▶ [Task prompt]: Find "Short Billabong Noir Classique", then copy its line and every later line of the entries exactly through the end, leaving all pictures out.

▶ [Input for this task]:
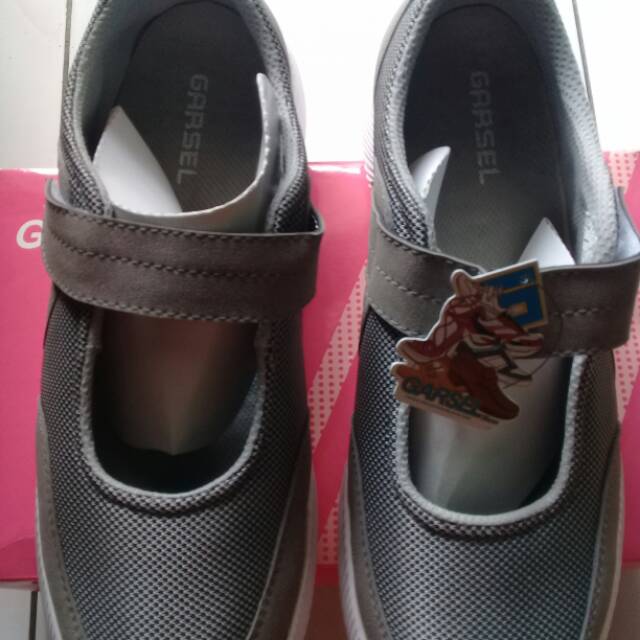 SEPATU CASUAL GARSEL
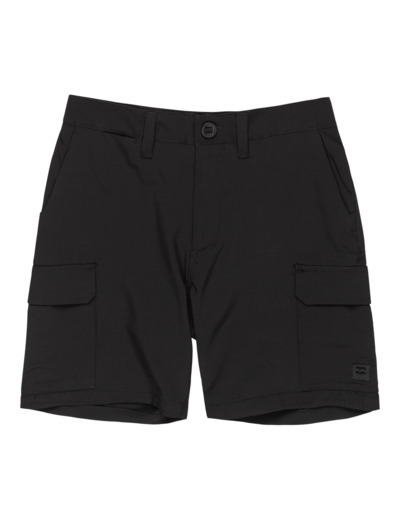 Short Billabong Noir Classique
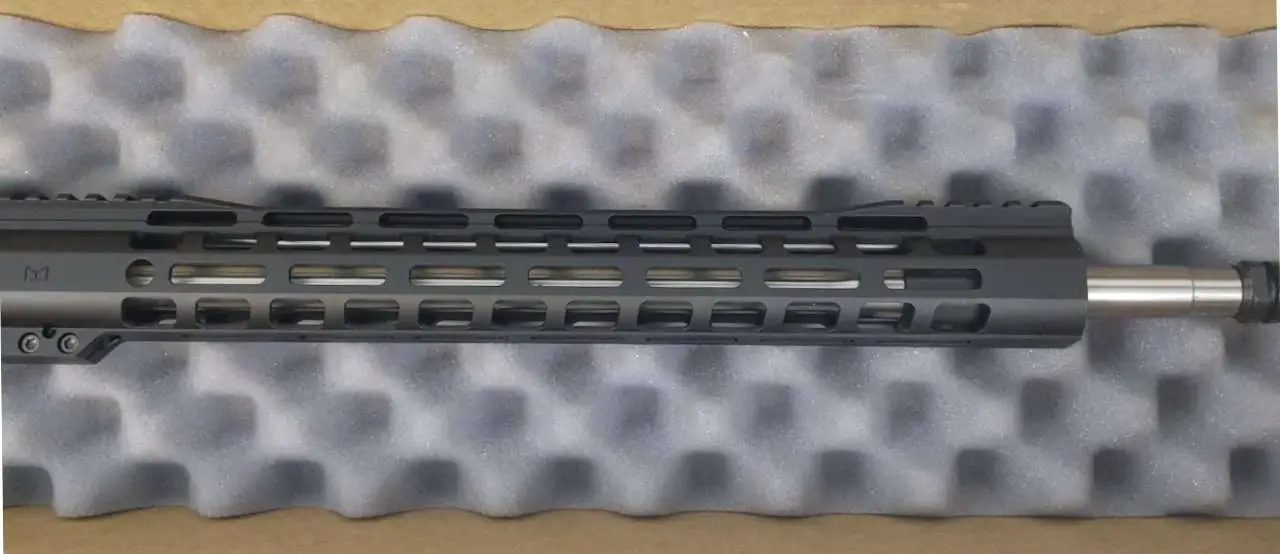PSA Wylde 18" Upper Receiver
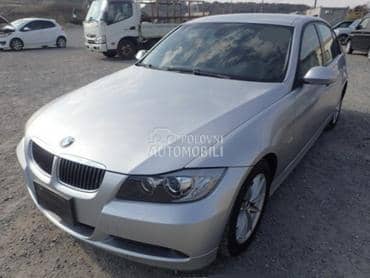 BMW Serija 3 E90 -  kompletan auto u delovima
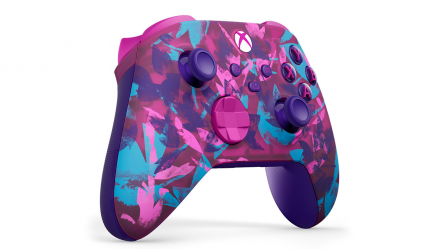 Геймпад Бездротовий Microsoft Xbox Series Controller Special Edition Heart Breaker Новий - Retromagaz, image 3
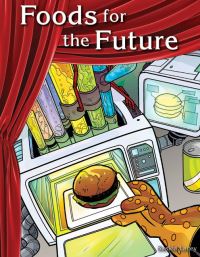Book Cover for Foods for the Future by Saskia Lacey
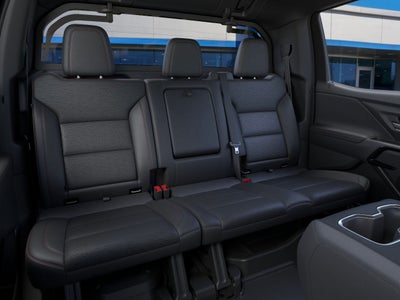 2025 Chevrolet Silverado EV RST - Max Range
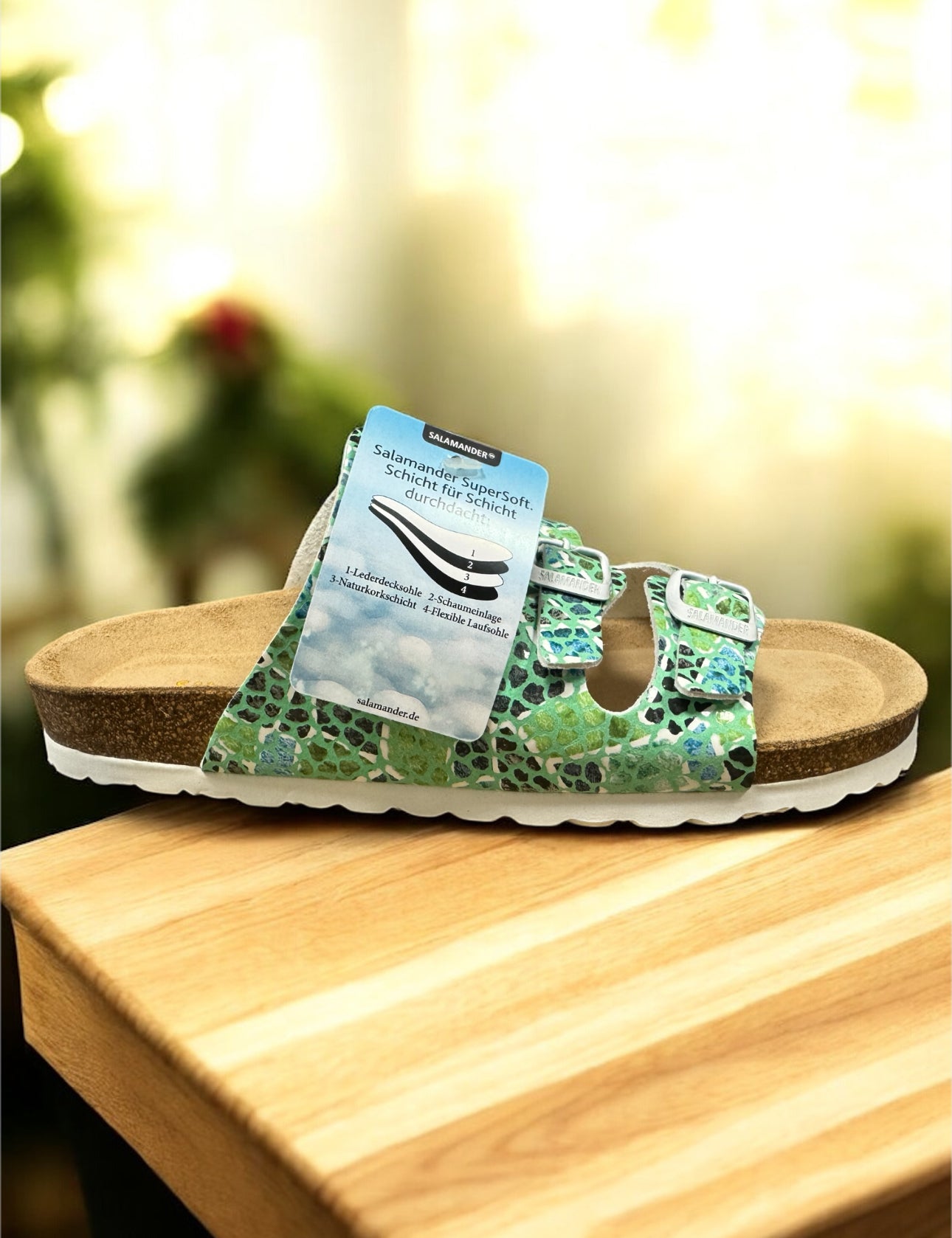 Salamander Luino kvenskór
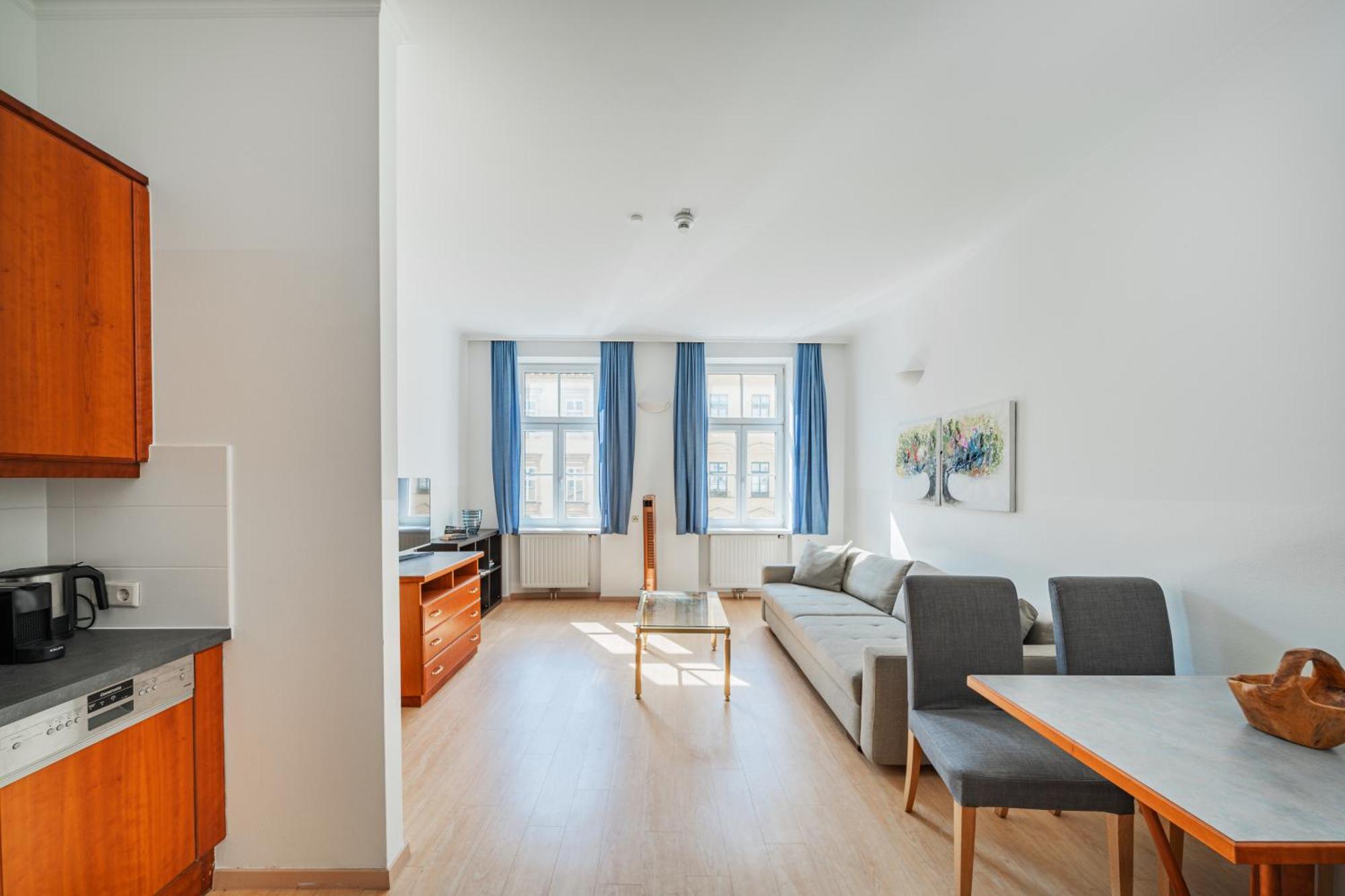 74 Living Apartments Vienna Exterior photo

▶ [Answer to the problem]:
 Short Billabong Noir Classique
PSA Wylde 18" Upper Receiver
 BMW Serija 3 E90 -  kompletan auto u delovima
 Геймпад Бездротовий Microsoft Xbox Series Controller Special Edition Heart Breaker Новий - Retromagaz, image 3
Book Cover for Foods for the Future by Saskia Lacey
 2025 Chevrolet Silverado EV RST - Max Range
 Salamander Luino kvenskór
 74 Living Apartments Vienna Exterior photo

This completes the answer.